DIRECTIONS:
Copy everything in the records, character for character, except images.

SUPPLIED INFORMATION:

((

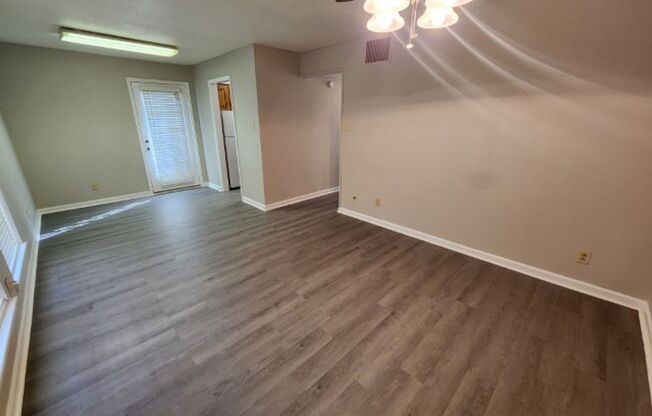 2 beds, 1 bath, 880 sqft, $775, Unit 109 Barton Street #08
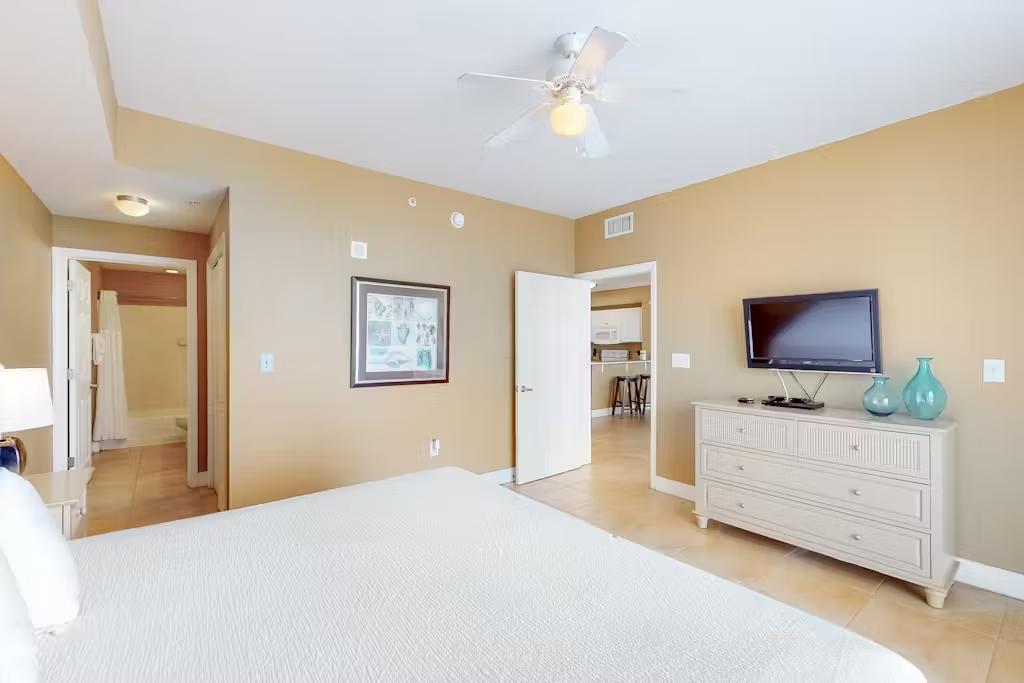 One Bedroom Condo in Tidewater2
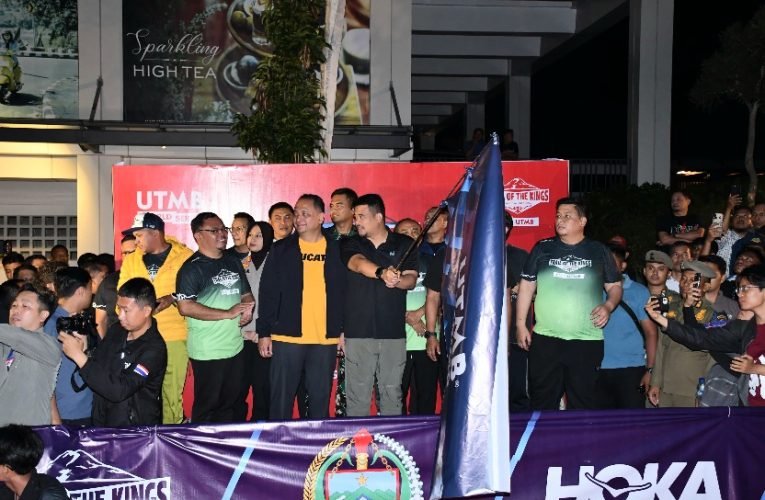 BUPATI SAMOSIR BERSAMA GUBSU LEPAS FLAG OFF TRAIL OF THE KING 100 KM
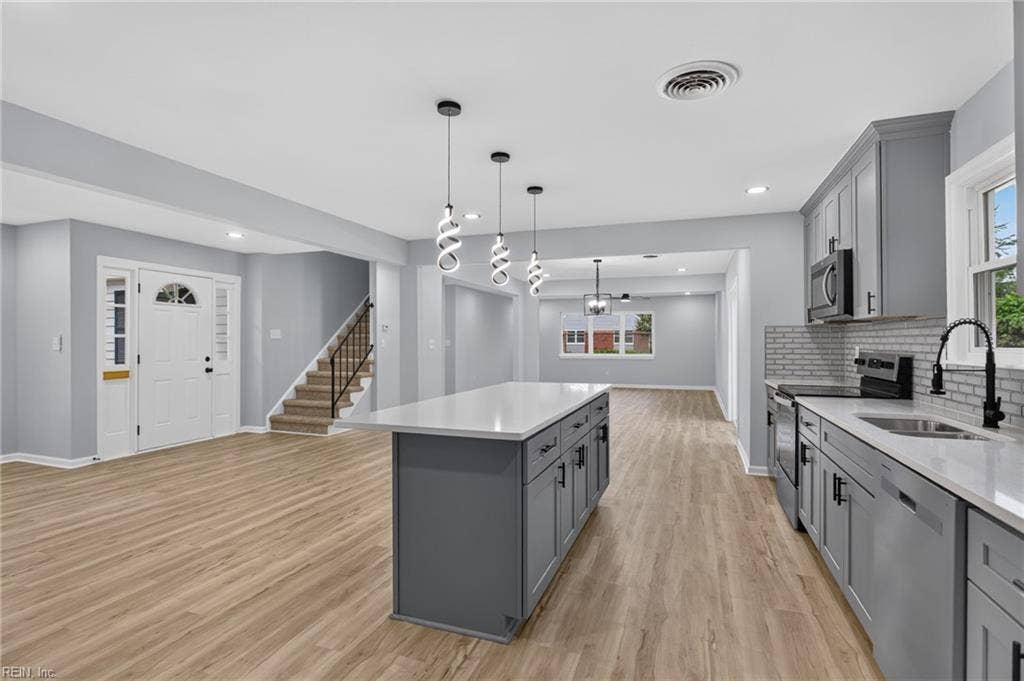 4516 Sheffield Drive, Virginia Beach, VA 23455 4516 Sheffield Drive, Virginia Beach, VA 23455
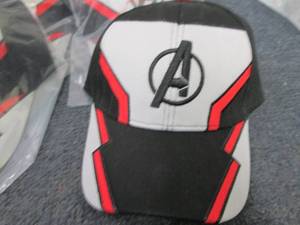 lot 137 image: Avengers Cap...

))

EXERCISE RESPONSE:
 2 beds, 1 bath, 880 sqft, $775, Unit 109 Barton Street #08
 One Bedroom Condo in Tidewater2
 BUPATI SAMOSIR BERSAMA GUBSU LEPAS FLAG OFF TRAIL OF THE KING 100 KM
 4516 Sheffield Drive, Virginia Beach, VA 23455 4516 Sheffield Drive, Virginia Beach, VA 23455
 lot 137 image: Avengers Cap...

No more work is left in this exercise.